Side effects may occur in the first 3 days after getting the COVID-19 vaccine. These include minor side effects like tiredness, mild to moderate fever, headache, and muscle aches and pain where the shot was given. Having symptoms is a sign that the vaccine is working, and antibodies are being made. Pregnant women who experience fever after receiving the COVID-19 vaccine should take acetaminophen (Tylenol) to treat the fever since very high fever can harm a baby. Acetaminophen is safe to use during pregnancy and does not affect how the vaccine works.
The vaccine can help protect you from getting COVID-19. You must get both doses of the vaccine for it to be fully effective. It’s not yet known whether it prevents passing the virus to others if you do get COVID-19 or how long protection lasts. At this time, vaccinated people still need to wear masks and practice social distancing.
When you receive your first dose, you will also receive a COVID-19 vaccination record card. Bring your COVID-19 vaccination record card when you return for your second dose to ensure you are getting the appropriate vaccination. You should be sure to return to the same location where you received your first dose.
Your risk of getting COVID-19 depends on the chance that you will come into contact with another infected person. This may be higher if you live in a community where there is a lot of COVID-19 infection or if you work in health care or another high-contact setting. The vaccine is being given first to health care workers, many of whom are considering pregnancy, pregnant, or breastfeeding.
Although lactating individuals were not allowed in the clinical trials, based on experience with other vaccines, the benefits of vaccination outweigh the very small safety concerns. You don’t have to delay or stop breastfeeding just because you get the vaccine.

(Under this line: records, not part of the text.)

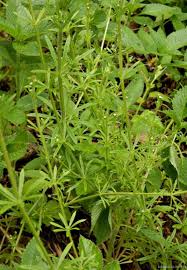 Image result for foto moud Forsterův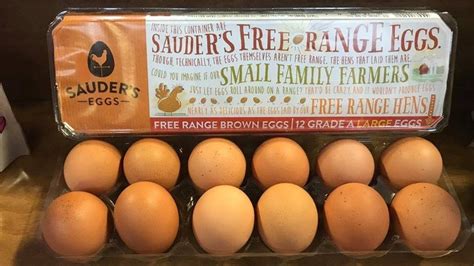 13 Best Egg Brands, Ranked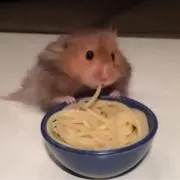 けいの画像
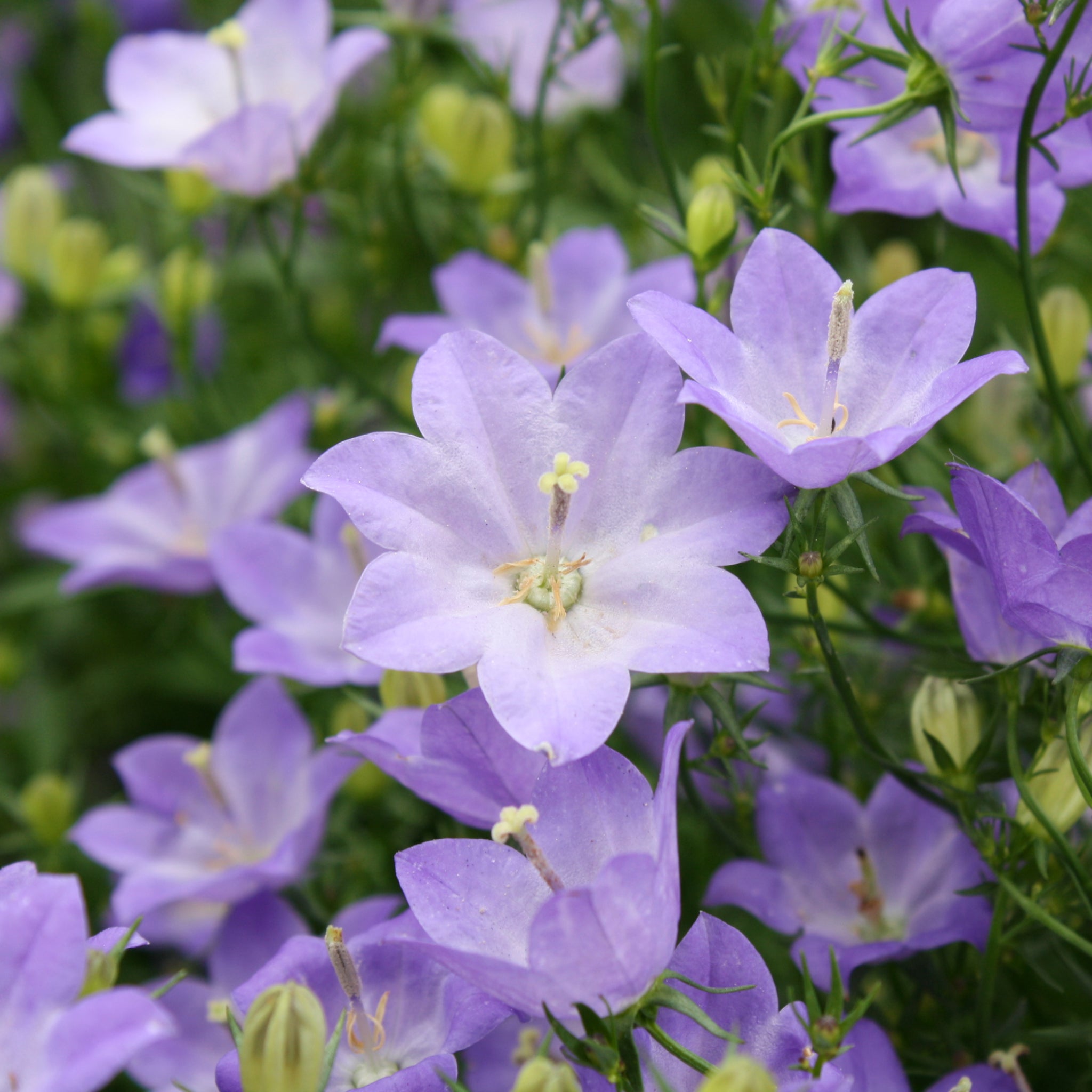 Bellflower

If you choose not to get the vaccine while you are pregnant, you can get it after you have your baby. Talk to your health care provider about a plan to get the vaccine after pregnancy. No matter what you decide, it is important that you continue to follow COVID-19 infection prevention steps such as wearing a mask, washing your hands frequently, and maintaining physical distancing of at least 6 feet.